# Required action
Your answer must be the full listing, word for word, with no images in it.

(Data)

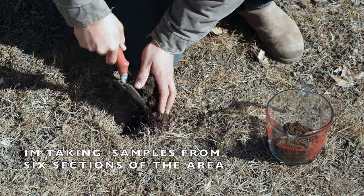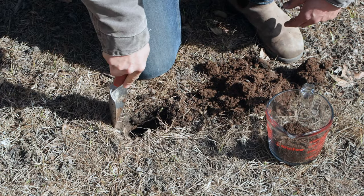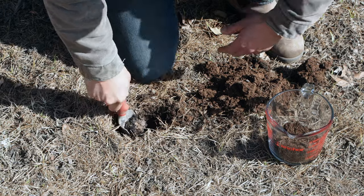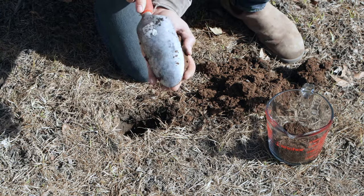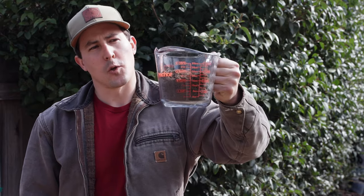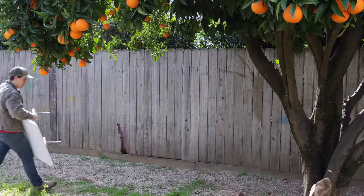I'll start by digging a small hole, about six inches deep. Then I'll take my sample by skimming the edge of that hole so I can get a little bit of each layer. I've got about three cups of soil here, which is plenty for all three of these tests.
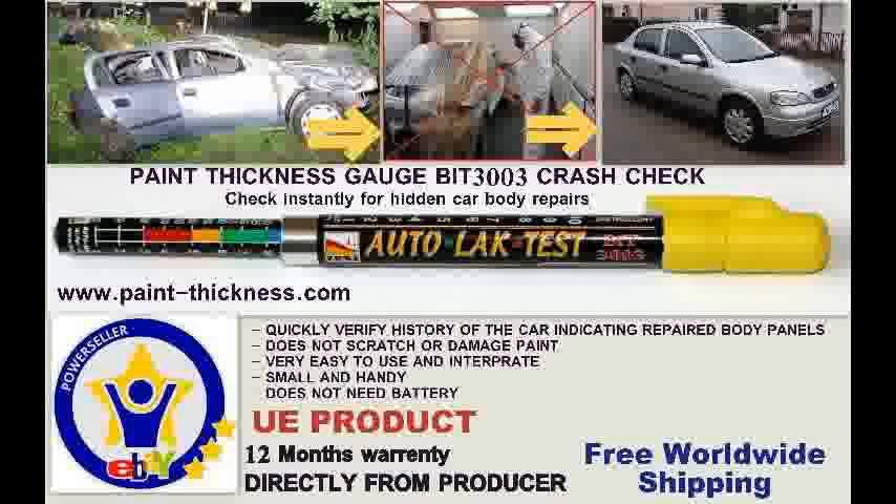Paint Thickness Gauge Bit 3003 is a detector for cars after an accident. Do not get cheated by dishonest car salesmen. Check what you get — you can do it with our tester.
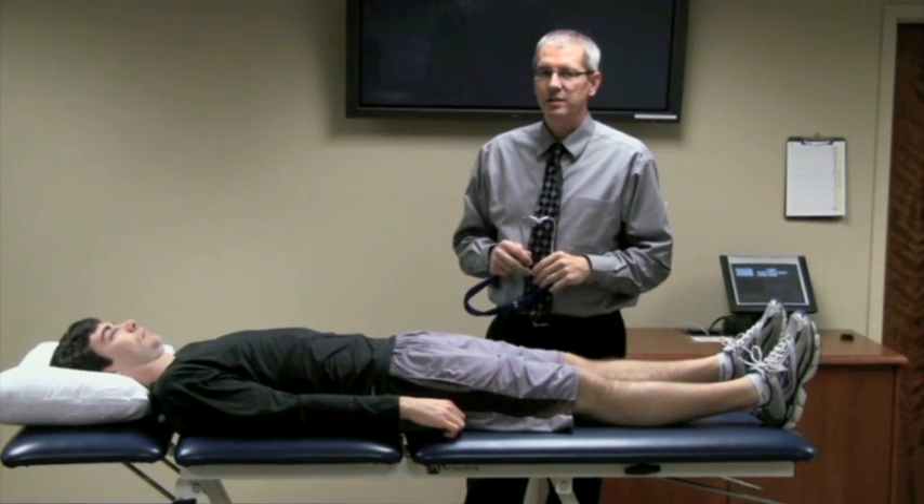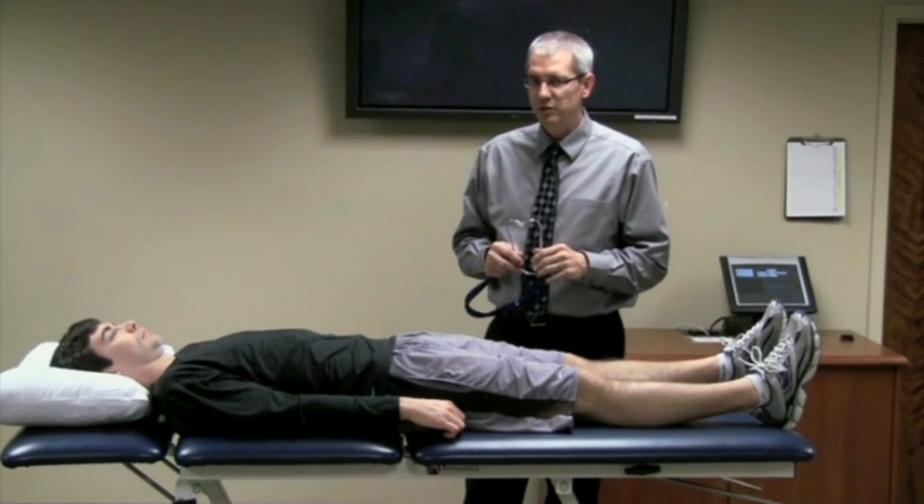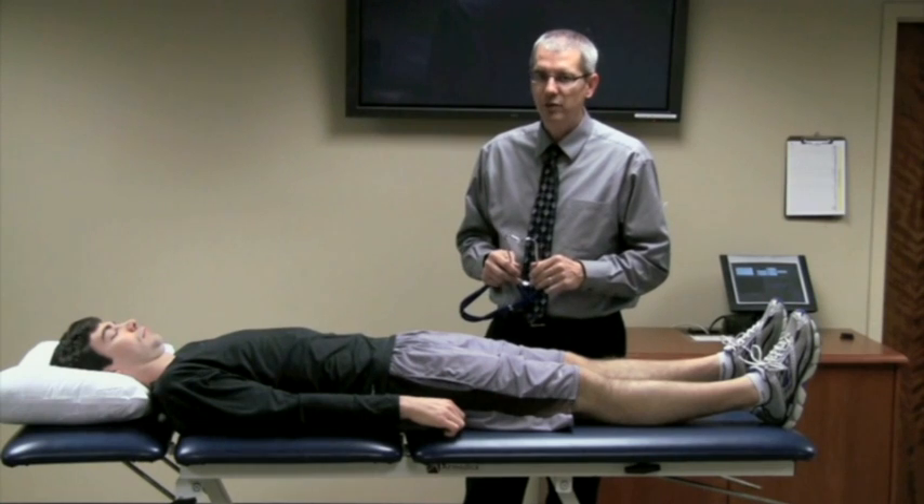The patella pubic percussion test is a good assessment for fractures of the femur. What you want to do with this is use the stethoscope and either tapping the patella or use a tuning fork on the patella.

(End Data)

# Exercise response
I'll start by digging a small hole, about six inches deep. Then I'll take my sample by skimming the edge of that hole so I can get a little bit of each layer. I've got about three cups of soil here, which is plenty for all three of these tests.
Paint Thickness Gauge Bit 3003 is a detector for cars after an accident. Do not get cheated by dishonest car salesmen. Check what you get — you can do it with our tester.
The patella pubic percussion test is a good assessment for fractures of the femur. What you want to do with this is use the stethoscope and either tapping the patella or use a tuning fork on the patella.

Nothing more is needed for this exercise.